S&P fires warning over Greek debt, despite weekend deal
Rating agency S&P fired a warning shot over Greek debt on Monday, upsetting relief at a weekend deal by saying that proposals for a payment holiday under a new rescue could trigger partial default.
S&P, which has already lowered the long-term rating on Greek public debt to "CCC" from "B", warned that a proposal floated by the French Bank Federation risked putting Greece into a selective default.
"It is our view that each of the two financing options described in the FBF proposal would likely amount to a default under our criteria," a statement said.

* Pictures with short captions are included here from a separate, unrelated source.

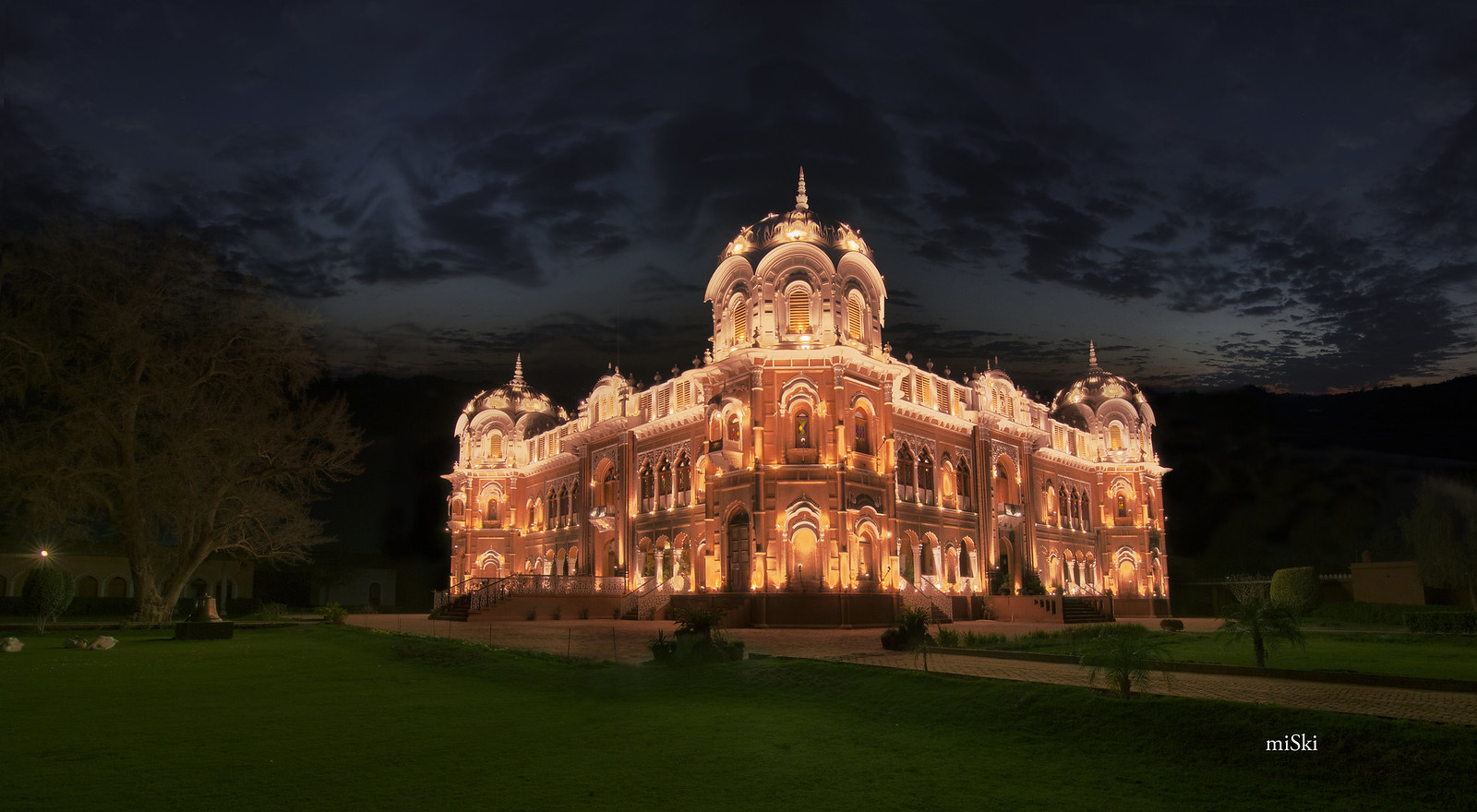 travel-agency-bahawalpur
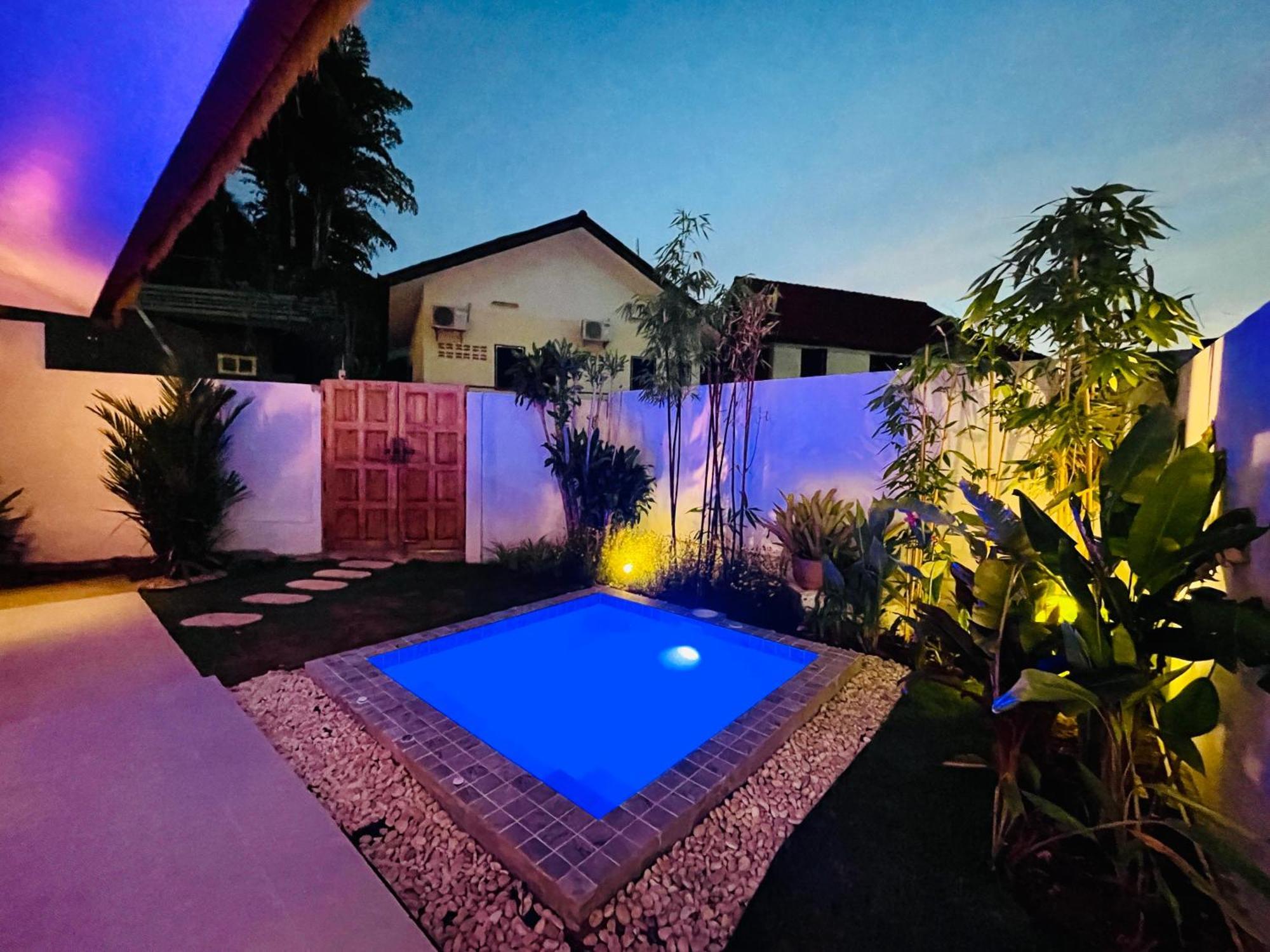 Baan Saint-Tropez Seaview Villas Kata Beach Exterior foto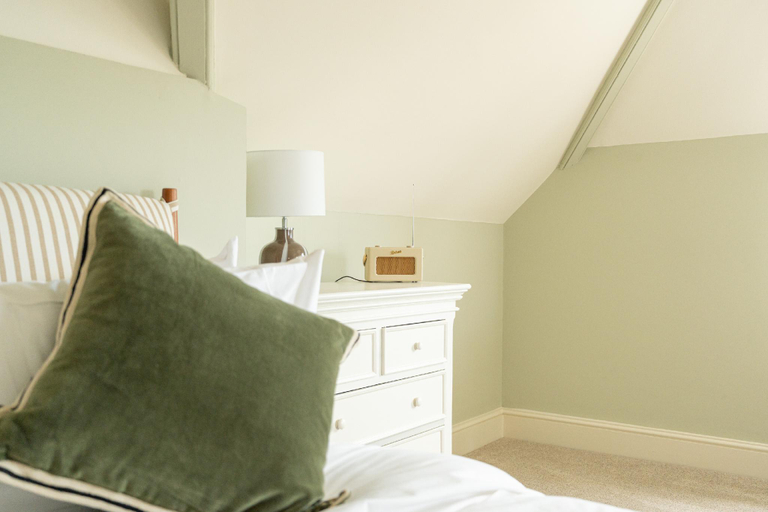Bedroom 2, The Ox Pub & Rooms, Poole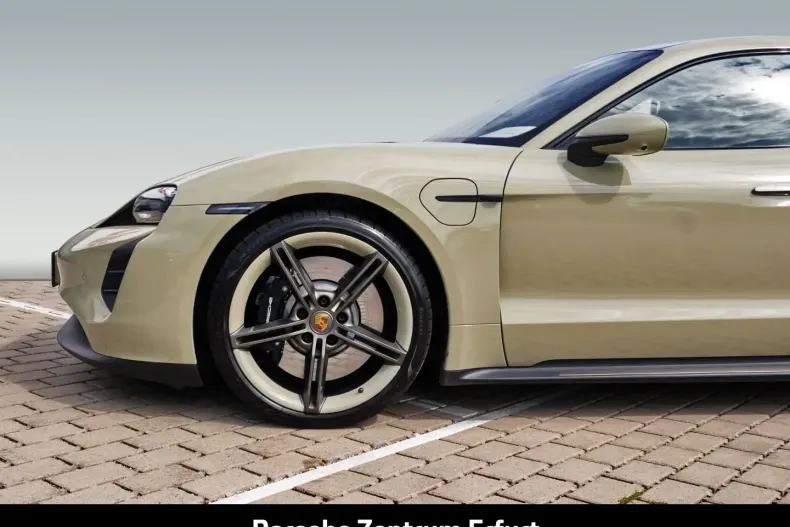 Porsche Taycan din 2023 cu 8.729 km - oferta POR117522 - foto 25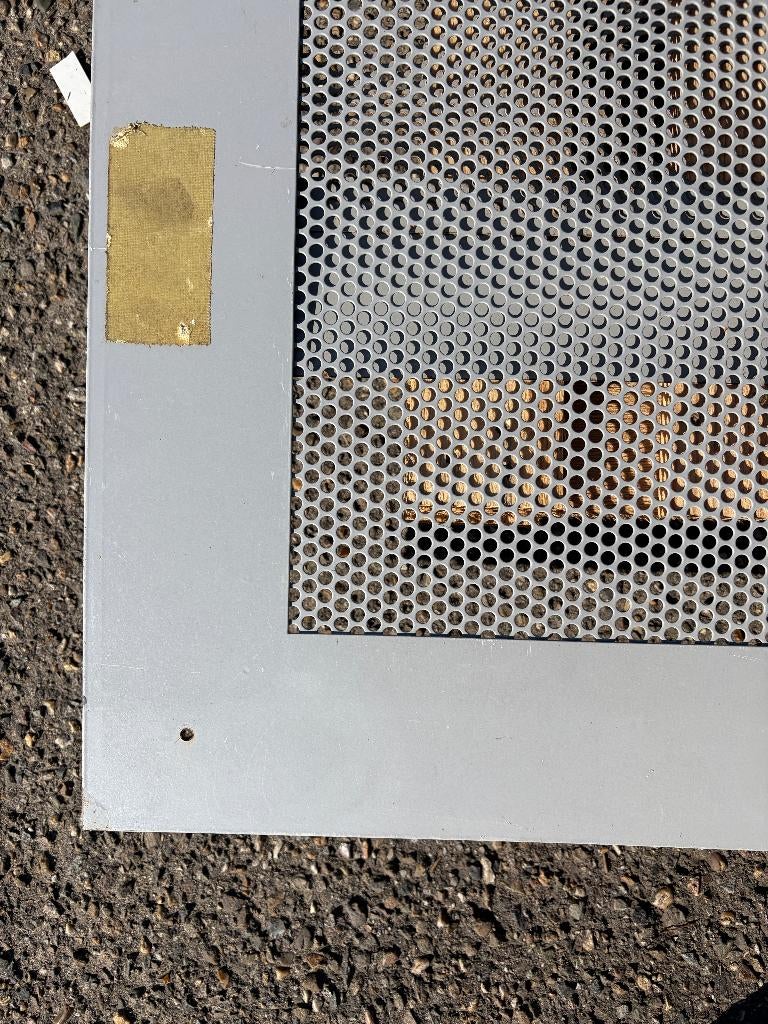 ijzeren plaat geperforeerde rooster zeef ( 483 ), Doe-het-zelf en Verbouw, Platen en Panelen, Ophalen, Overige materialen, Gebruikt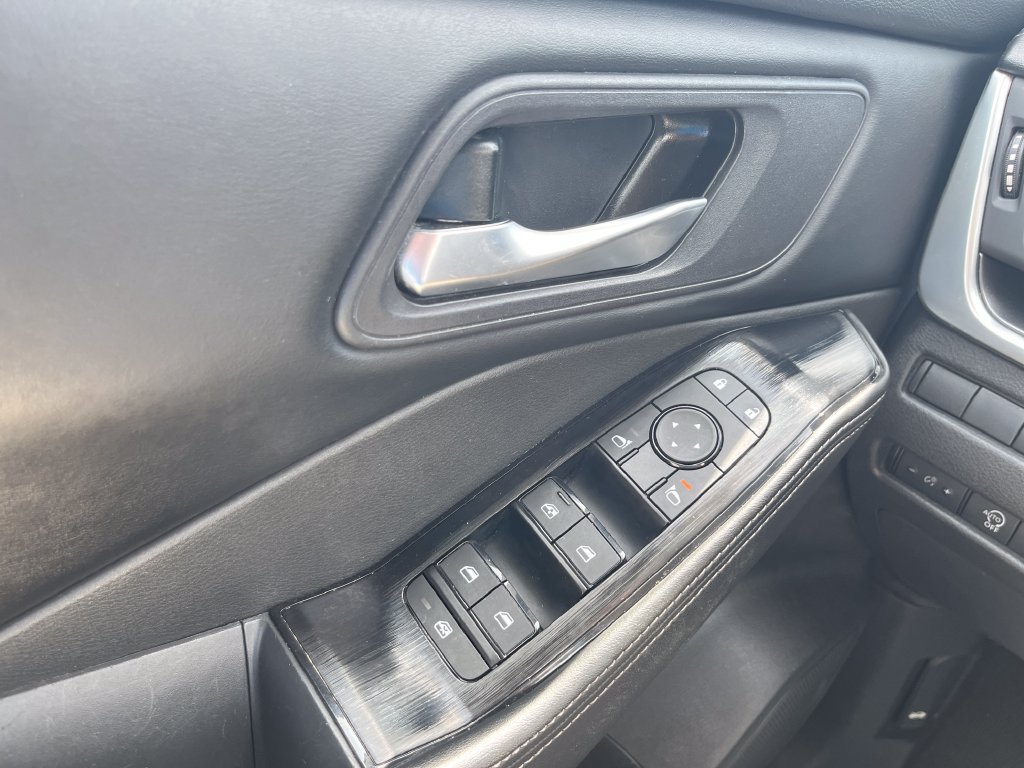 Used 2024 Nissan Rogue SV FWD image 10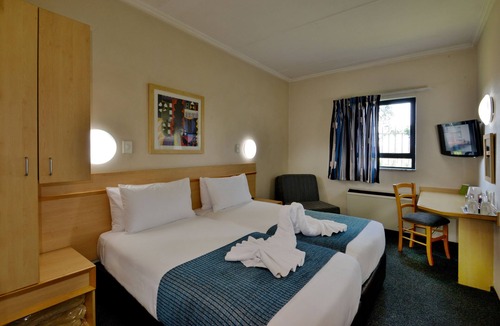 Zwartkop Hotel | Road Lodge Centurion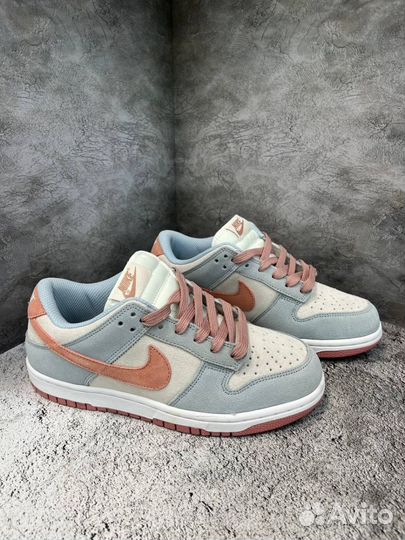 Nike Dunk Low Fossil Rose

On Saturday, eurozone finance ministers approved the next 12-billion-euro slice of last year's 110-billion-euro ($160-billion) European Union and International Monetary Fund bailout for Greece after the Greek parliament passed fresh austerity measures.
But talks over a second rescue package of about the same amount could be tougher because some governments, notably in Germany, insist that private investors share the burden by agreeing to "roll over" their Greek debt.
There is widespread concern that if the terms of a new rescue are judged to be equivalent to a default, dangerous repercussions could upset the eurozone and global financial markets.
The European Central Bank has warned that what it terms a "credit event", referring to discriminatory treatment between holders of Greek debt, could lead it to end its own lifeline support for the Greek banking system.
The ECB has supported Greece by buying large amounts of its debt on the market, but has said it will not participate in any rollover.
There is also concern that a default situation could trigger strains in the market for credit default swaps, which act as insurance against default.
A domino effect could severely weaken the balance sheets of some banks and insurance companies, it is feared.
French banks hold a sizeable proportion of Greek debt, and France has proposed that lenders roll over their loans into new 30-year bonds, giving Greece more time to put its financial house in order.
But the "debt rollover proposal could result in a selective default for Greece," S&P said, while "Greece's near-term reliance on EU/IMF official financing, the government's difficulty in reducing its sizable fiscal deficit, and the current pricing of Greek government debt in the secondary market all underscore the Hellenic Republic's weak creditworthiness."
Rating agencies have warned that they may consider "voluntary" roll overs of debt to amount to default if there appears to be an element of duress.
The European Central Bank, which is the biggest single holder of Greek public debt with around 47 billion euros' worth of sovereign bonds, according to Deutsche Bank Global Markets Research, has warned it could not accept more debt as collateral for loans if Greece is declared to be in default.
That could crush Greek commercial banks that now depend on ECB financing and send shock waves to banks in other debt-laden eurozone countries like Ireland and Portugal.
ING rates strategist Padhraic Garvey said he was not surprised by the S&P announcement, since the French banking proposals comprised a mark-to-market write-down of investments in Greek debt.
He quoted a Fitch analyst as saying, "if it smells like a default, it will be classed as a default."
Meanwhile, the Institute of International Finance, an umbrella group for banks, insurers and investment managers, said its members might be willing to aid in a buyback of Greek debt, which would have the advantage of actually reducing the stock of Greek debt.
After eurozone ministers agreed to the next round of aid for Greece, Polish Finance Minister Jacek Rostowski warned that "we can't afford to relax and we need to move forward as fast as possible, both on the eurozone and IMF side."
Poland currently chairs the rotating EU presidency but is not part of the 17-nation eurozone.
Eurogroup chief and Luxembourg Prime Minister Jean-Claude Juncker said Athens must be ready for foreign intervention to help it implement reforms.
"The Greeks' sovereignty will be massively constrained," he told the German magazine Focus.